4 points by almkglor 5867 days ago | link

2) In theory, the length of the vector could be stored by the memory manager anyway (possibly as a start and end address), which after all has to know how big to deallocate when the vector is GC'ed. In fact if the metadata is interspersed with the allocated memory it probably will be just a length, since the current address is known.

-----

1 point by sacado 5866 days ago | link

Just wondering, but couldn't hash tables be implemented as "clever" association lists ? I mean, the interpreter / compiler could switch by itself to a hash-table representation when the user call 'assoc or 'alref on something like

  ((a b) (c d) (e f) ...)
In other words, a list of lists-of-size-2. The new representation would of course have to share the same semantics as a-lists (possible to cons, to get the car, the cddadr, ...)but with performance as a bonus.

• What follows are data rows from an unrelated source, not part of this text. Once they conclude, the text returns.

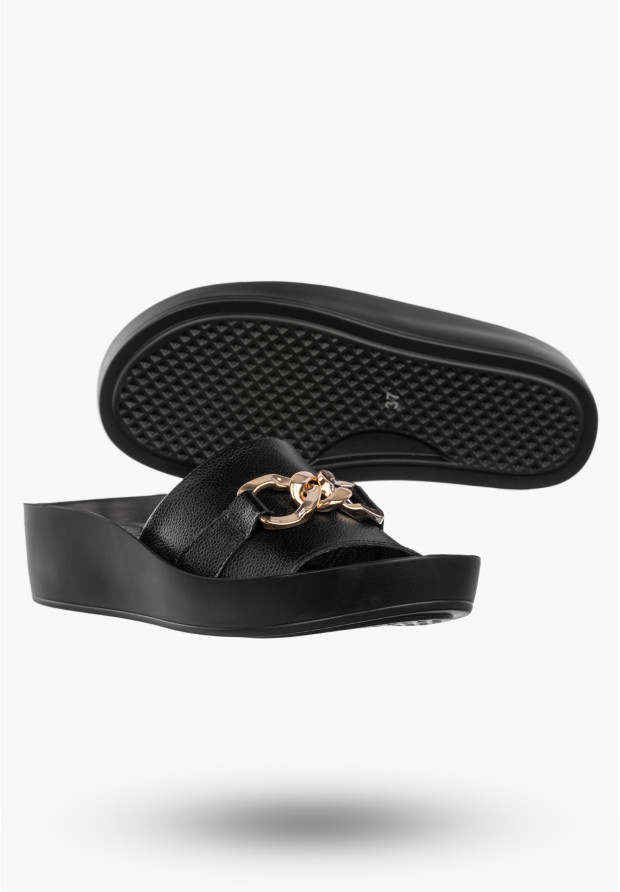 Klapki Damskie Skórzane Buty Eleganckie Casual Czarne Filippo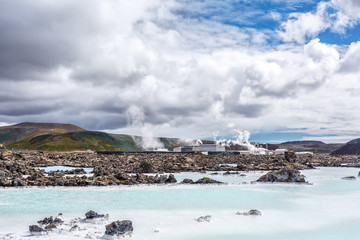 Mineral white lake next to geothermal station in Iceland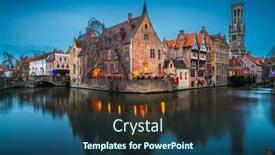  Presentation with belgium - Amazing presentation design having bruges-belgium-night-scene backdrop and a ocean colored foreground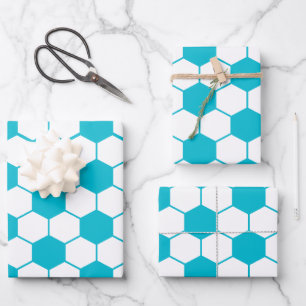Papier motif à bille de soccer bleu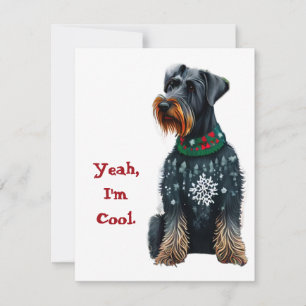 Funny Giant Schnauzer i julsötare Julkort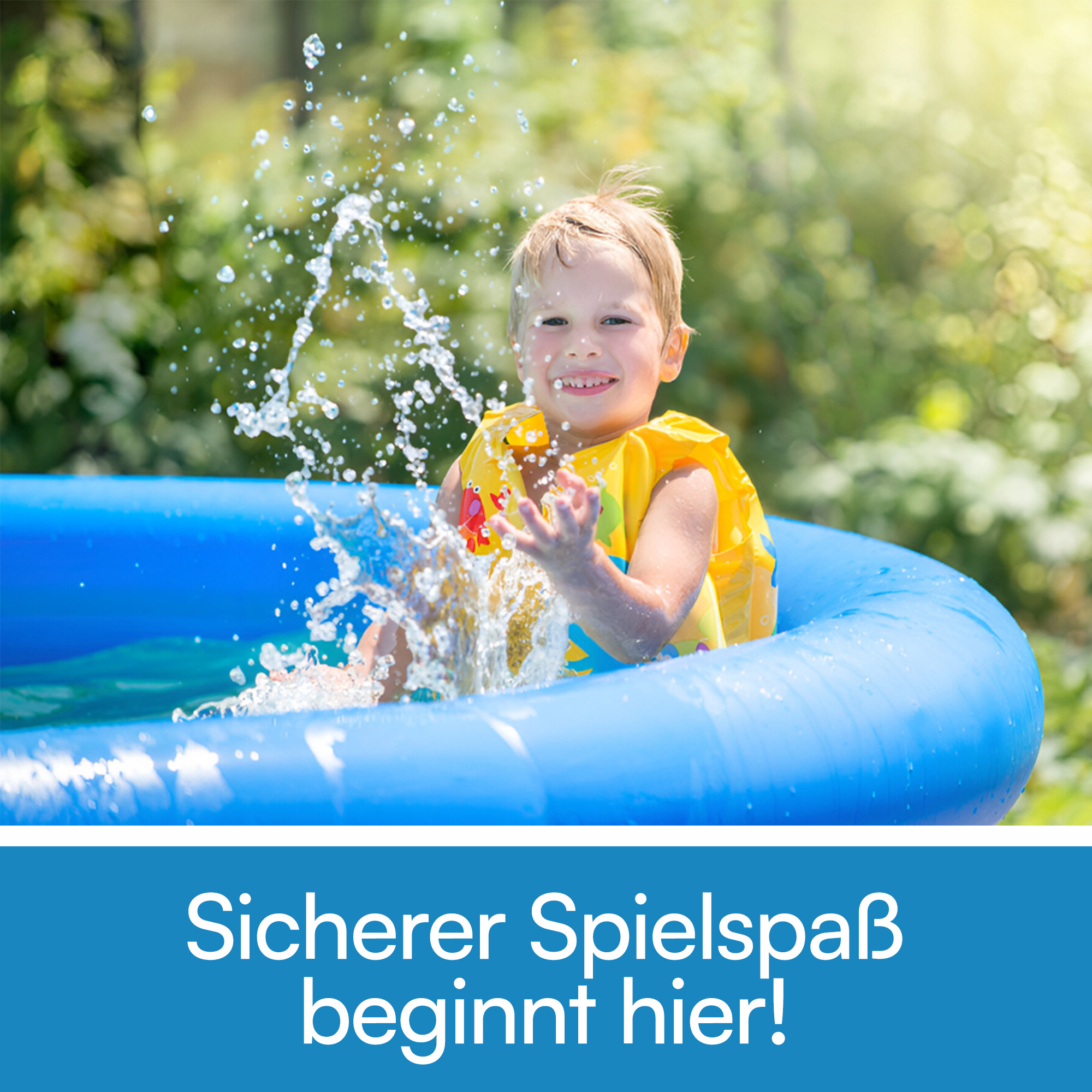 BURI Summer Poolmatte 9er Set - 50x50cm Rutschfeste Bodenfliesen | 2,25m² Blau 4mm Dick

Of course, it would still have to be able to go back to a "regular" list : I could do

  (push 3 (car l))
  -> ((3 a b) (c d) ...)
There, the compiler would have to see I don't want an association list anymore and switch back to a more traditional representation. In a way, this is the same idea as almkglor's one about lists secretly implemented as arrays.

This way, we would have one less primitive with all the benefits of hash tables. I don't know if it is possible, but as for know I don't see why it wouldn't.

-----

2 points by almkglor 5865 days ago | link

  (alref foo 'x)
     vs.
  foo!x

-----

1 point by sacado 5865 days ago | link

Hmm, right, but that's just a design issue. If pg wanted to simplify the axioms, he could remove hash tables, make alists behave the way I explained and make the syntax foo!x look for the 'x key in the alist 'foo.

Edit : There would be a problem however if we try foo!3 : do we mean the third element, or the element associated to the key 3 ?

-----